▸ **TASK**
The data below should be printed in full, exactly, and without any of its images.

▸ **RECORDED DATA**
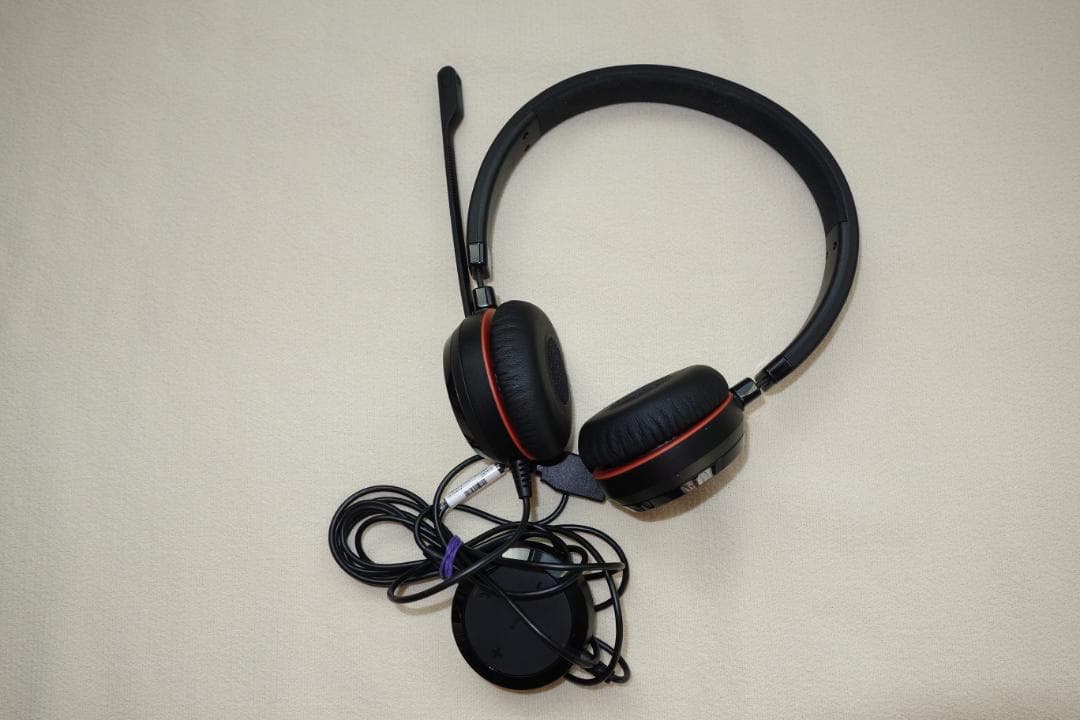 【ほぼ新品】Jabra Evolve 30 有線ヘッドセット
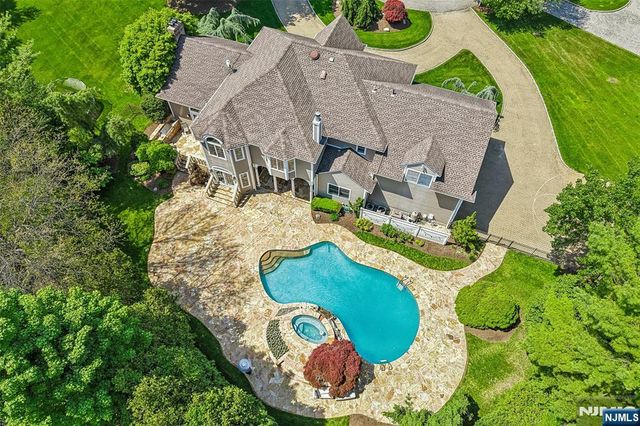 41 Sunflower Drive, Upper Saddle River, NJ 07458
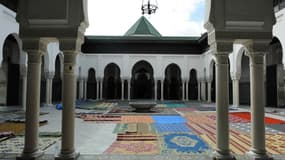 La salle de prière extérieure de la Grande mosquée de Paris, le 10 juin 2010. (photo d'illustration)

▸ **OUTPUT OF THE TASK**
 【ほぼ新品】Jabra Evolve 30 有線ヘッドセット
 41 Sunflower Drive, Upper Saddle River, NJ 07458
 La salle de prière extérieure de la Grande mosquée de Paris, le 10 juin 2010. (photo d'illustration)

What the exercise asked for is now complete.